* _Work request_
Reproduce verbatim all of the data given below, but do not carry over the images.

* _Data excerpt_

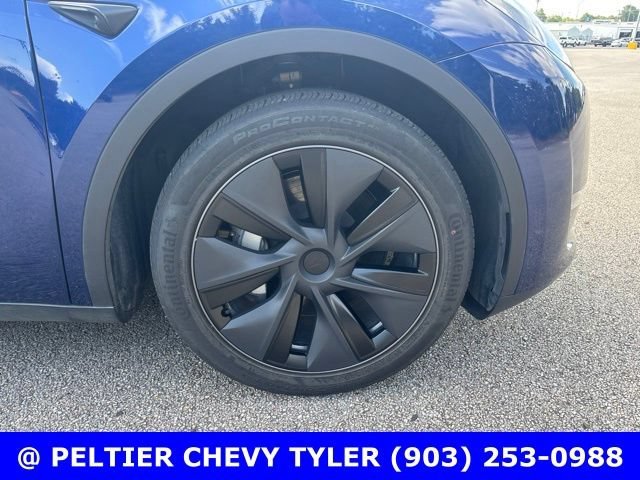Used 2025  Tesla Long Range image 5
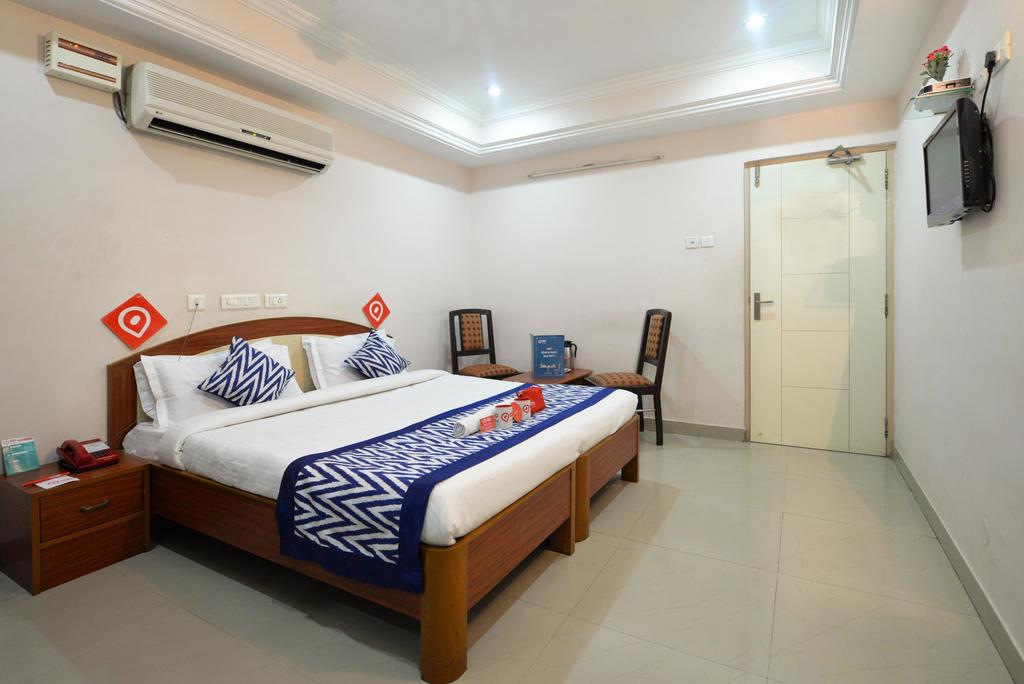 OYO Rooms SR Nagar Extension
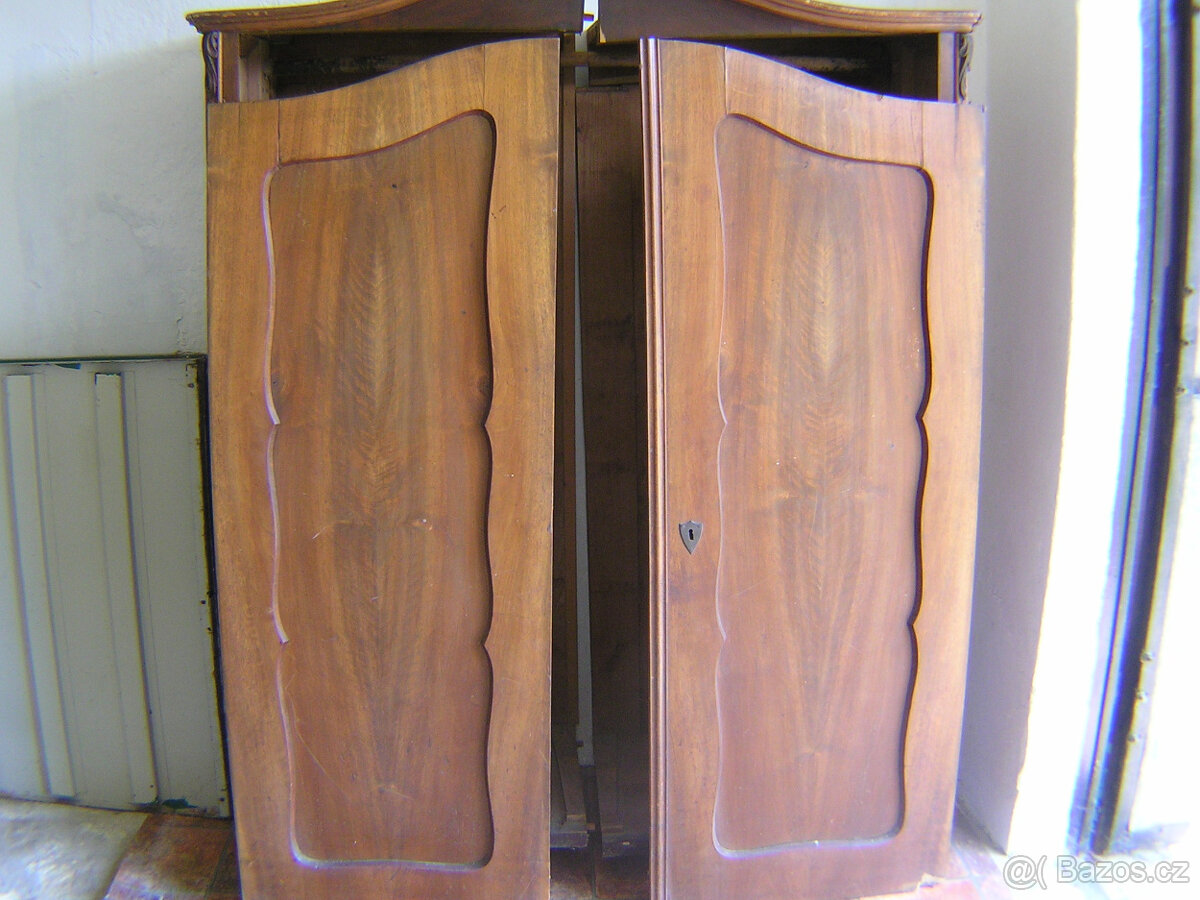 Starožitná skříň, dřevěná, půlená a 2 noční stolky - 2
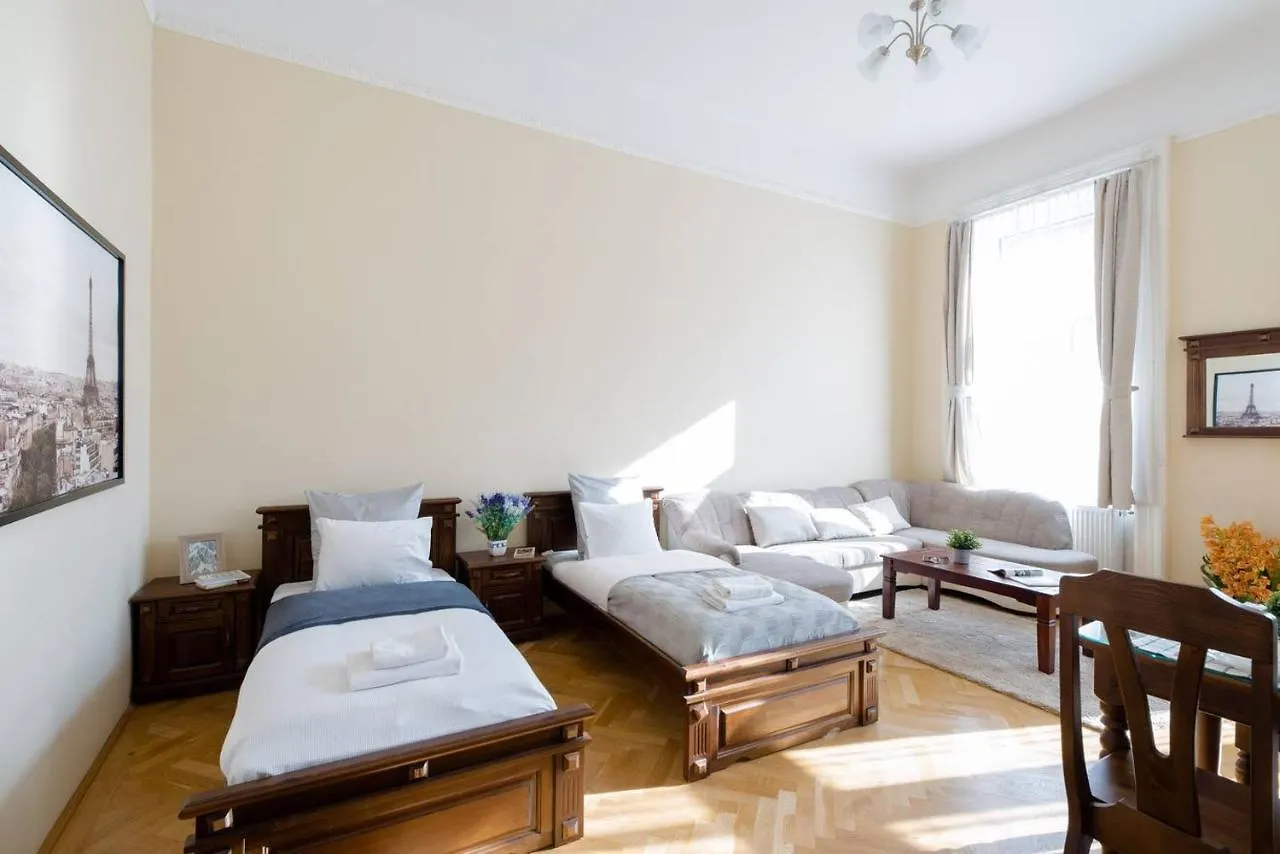 Central Bright And Spacious Home With 3 Rooms 부다페스트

* _Reply_
Used 2025  Tesla Long Range image 5
 OYO Rooms SR Nagar Extension
 Starožitná skříň, dřevěná, půlená a 2 noční stolky - 2
 Central Bright And Spacious Home With 3 Rooms 부다페스트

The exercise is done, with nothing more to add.